Supplied records below:

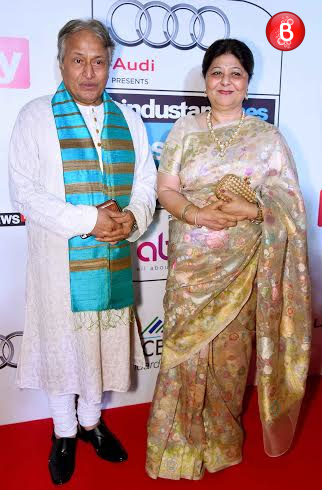 Amjad Ali Khan with wife
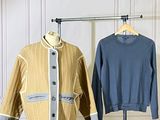 deux vestes posées sur un mannequin dans une pièce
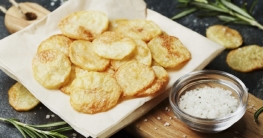আলু দিয়েই তৈরি করুন সুস্বাদু পাঁপড়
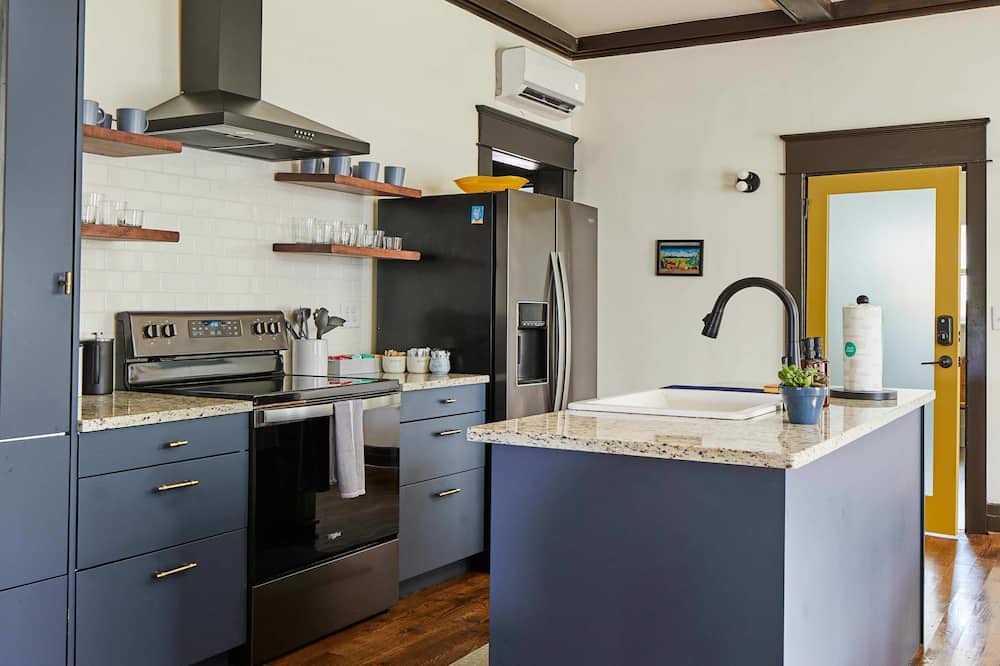 Five Points South House | Charles on 11th - Beautifully Restored Historic Southside Home Walkable Perfect for Groups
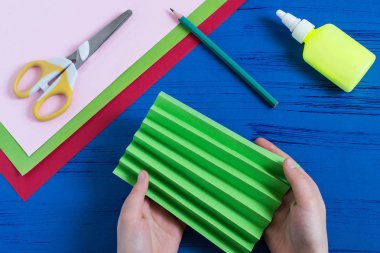 Çocuk hediye için 8 Mart ya da anneler günü yapar. Adım 2 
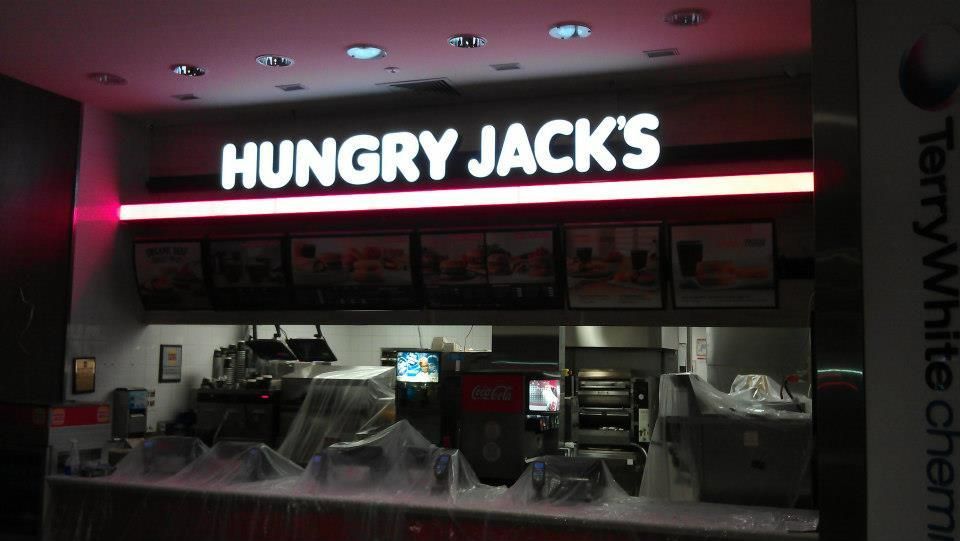 A Hungry Jack's Restaurant Is Lit up At Night — Signmax Bundaberg In Kensington, QLD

End of Supplied records.

● **Required action**:
Please transcribe the entries precisely and omit any images they hold.

● **Solution**:
 Amjad Ali Khan with wife
 deux vestes posées sur un mannequin dans une pièce
আলু দিয়েই তৈরি করুন সুস্বাদু পাঁপড়
 Five Points South House | Charles on 11th - Beautifully Restored Historic Southside Home Walkable Perfect for Groups
 Çocuk hediye için 8 Mart ya da anneler günü yapar. Adım 2 
 A Hungry Jack's Restaurant Is Lit up At Night — Signmax Bundaberg In Kensington, QLD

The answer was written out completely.